▶ **WHAT THE EXERCISE ASKS**
With both ends included, transcribe exactly the records below from their first line to the line that contains "Used 2023 Ford".
[Opening DATA RECORDS section]
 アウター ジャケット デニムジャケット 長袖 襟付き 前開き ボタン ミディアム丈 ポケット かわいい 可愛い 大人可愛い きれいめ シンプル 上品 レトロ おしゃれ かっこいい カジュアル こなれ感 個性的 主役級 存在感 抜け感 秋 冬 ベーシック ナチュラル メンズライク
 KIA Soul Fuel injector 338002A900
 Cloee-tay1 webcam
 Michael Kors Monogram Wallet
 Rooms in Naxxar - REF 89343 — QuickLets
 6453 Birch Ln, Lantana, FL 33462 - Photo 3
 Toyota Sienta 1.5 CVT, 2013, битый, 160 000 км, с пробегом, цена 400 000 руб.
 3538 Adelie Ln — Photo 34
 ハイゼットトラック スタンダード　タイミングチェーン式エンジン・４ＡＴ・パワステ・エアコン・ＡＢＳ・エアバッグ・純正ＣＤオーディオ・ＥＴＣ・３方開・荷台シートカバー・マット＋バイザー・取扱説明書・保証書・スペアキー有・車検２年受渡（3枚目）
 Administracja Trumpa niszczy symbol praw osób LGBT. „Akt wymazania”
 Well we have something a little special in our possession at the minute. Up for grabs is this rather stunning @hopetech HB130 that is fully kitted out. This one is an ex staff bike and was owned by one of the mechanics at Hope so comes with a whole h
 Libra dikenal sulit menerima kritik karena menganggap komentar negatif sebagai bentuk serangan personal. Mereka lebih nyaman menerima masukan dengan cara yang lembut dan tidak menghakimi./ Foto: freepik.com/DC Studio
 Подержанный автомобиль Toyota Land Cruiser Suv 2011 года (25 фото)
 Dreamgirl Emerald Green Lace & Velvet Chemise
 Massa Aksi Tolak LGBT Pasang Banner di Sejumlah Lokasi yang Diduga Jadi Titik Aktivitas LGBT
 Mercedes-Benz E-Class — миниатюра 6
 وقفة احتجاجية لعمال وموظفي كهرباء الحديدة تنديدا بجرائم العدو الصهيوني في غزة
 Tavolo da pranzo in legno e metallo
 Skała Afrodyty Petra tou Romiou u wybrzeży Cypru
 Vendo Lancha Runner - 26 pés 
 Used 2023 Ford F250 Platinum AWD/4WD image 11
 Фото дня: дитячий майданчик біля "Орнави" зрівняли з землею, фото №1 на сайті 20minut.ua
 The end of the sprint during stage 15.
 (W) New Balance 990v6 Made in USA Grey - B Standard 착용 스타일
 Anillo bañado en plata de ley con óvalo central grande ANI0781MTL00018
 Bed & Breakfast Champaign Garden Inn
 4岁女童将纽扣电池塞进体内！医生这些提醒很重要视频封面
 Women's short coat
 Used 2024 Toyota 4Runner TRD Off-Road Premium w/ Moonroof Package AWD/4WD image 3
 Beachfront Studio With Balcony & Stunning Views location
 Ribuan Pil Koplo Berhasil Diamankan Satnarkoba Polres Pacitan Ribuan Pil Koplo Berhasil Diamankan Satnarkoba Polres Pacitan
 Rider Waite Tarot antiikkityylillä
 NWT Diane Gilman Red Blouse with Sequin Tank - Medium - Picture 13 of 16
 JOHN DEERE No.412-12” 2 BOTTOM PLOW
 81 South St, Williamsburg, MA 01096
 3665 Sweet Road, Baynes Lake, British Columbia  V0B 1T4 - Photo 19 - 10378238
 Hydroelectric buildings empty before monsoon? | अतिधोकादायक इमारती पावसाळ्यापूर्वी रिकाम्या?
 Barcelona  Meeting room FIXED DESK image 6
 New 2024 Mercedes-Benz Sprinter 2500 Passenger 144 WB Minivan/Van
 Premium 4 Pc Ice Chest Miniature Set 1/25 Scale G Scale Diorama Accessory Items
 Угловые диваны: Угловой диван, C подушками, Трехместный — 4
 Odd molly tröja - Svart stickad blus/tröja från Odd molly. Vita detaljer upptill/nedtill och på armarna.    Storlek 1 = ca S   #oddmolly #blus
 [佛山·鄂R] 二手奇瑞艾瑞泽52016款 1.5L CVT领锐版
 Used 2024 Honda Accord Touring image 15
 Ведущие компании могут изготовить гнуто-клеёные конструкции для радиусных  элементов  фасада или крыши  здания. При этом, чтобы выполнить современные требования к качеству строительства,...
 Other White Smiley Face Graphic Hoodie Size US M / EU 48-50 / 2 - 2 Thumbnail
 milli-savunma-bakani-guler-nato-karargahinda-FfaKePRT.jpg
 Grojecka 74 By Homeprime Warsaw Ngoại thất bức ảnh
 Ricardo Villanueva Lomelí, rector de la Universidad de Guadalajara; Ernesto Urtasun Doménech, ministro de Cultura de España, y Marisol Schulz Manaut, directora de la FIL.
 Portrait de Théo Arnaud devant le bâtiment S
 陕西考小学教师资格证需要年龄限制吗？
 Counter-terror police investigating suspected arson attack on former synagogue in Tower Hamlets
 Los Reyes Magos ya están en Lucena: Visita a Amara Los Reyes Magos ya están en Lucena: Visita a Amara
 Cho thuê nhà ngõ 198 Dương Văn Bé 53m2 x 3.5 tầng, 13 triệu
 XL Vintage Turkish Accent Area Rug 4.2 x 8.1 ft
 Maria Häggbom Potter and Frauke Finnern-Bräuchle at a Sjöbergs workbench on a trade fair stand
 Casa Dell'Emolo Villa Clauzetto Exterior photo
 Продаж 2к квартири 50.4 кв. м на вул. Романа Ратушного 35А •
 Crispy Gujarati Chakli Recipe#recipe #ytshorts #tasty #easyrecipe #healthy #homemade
[Closing DATA RECORDS section]
▶ **RESPONSE TO THE EXERCISE**
 アウター ジャケット デニムジャケット 長袖 襟付き 前開き ボタン ミディアム丈 ポケット かわいい 可愛い 大人可愛い きれいめ シンプル 上品 レトロ おしゃれ かっこいい カジュアル こなれ感 個性的 主役級 存在感 抜け感 秋 冬 ベーシック ナチュラル メンズライク
 KIA Soul Fuel injector 338002A900
 Cloee-tay1 webcam
 Michael Kors Monogram Wallet
 Rooms in Naxxar - REF 89343 — QuickLets
 6453 Birch Ln, Lantana, FL 33462 - Photo 3
 Toyota Sienta 1.5 CVT, 2013, битый, 160 000 км, с пробегом, цена 400 000 руб.
 3538 Adelie Ln — Photo 34
 ハイゼットトラック スタンダード　タイミングチェーン式エンジン・４ＡＴ・パワステ・エアコン・ＡＢＳ・エアバッグ・純正ＣＤオーディオ・ＥＴＣ・３方開・荷台シートカバー・マット＋バイザー・取扱説明書・保証書・スペアキー有・車検２年受渡（3枚目）
 Administracja Trumpa niszczy symbol praw osób LGBT. „Akt wymazania”
 Well we have something a little special in our possession at the minute. Up for grabs is this rather stunning @hopetech HB130 that is fully kitted out. This one is an ex staff bike and was owned by one of the mechanics at Hope so comes with a whole h
 Libra dikenal sulit menerima kritik karena menganggap komentar negatif sebagai bentuk serangan personal. Mereka lebih nyaman menerima masukan dengan cara yang lembut dan tidak menghakimi./ Foto: freepik.com/DC Studio
 Подержанный автомобиль Toyota Land Cruiser Suv 2011 года (25 фото)
 Dreamgirl Emerald Green Lace & Velvet Chemise
 Massa Aksi Tolak LGBT Pasang Banner di Sejumlah Lokasi yang Diduga Jadi Titik Aktivitas LGBT
 Mercedes-Benz E-Class — миниатюра 6
 وقفة احتجاجية لعمال وموظفي كهرباء الحديدة تنديدا بجرائم العدو الصهيوني في غزة
 Tavolo da pranzo in legno e metallo
 Skała Afrodyty Petra tou Romiou u wybrzeży Cypru
 Vendo Lancha Runner - 26 pés 
 Used 2023 Ford F250 Platinum AWD/4WD image 11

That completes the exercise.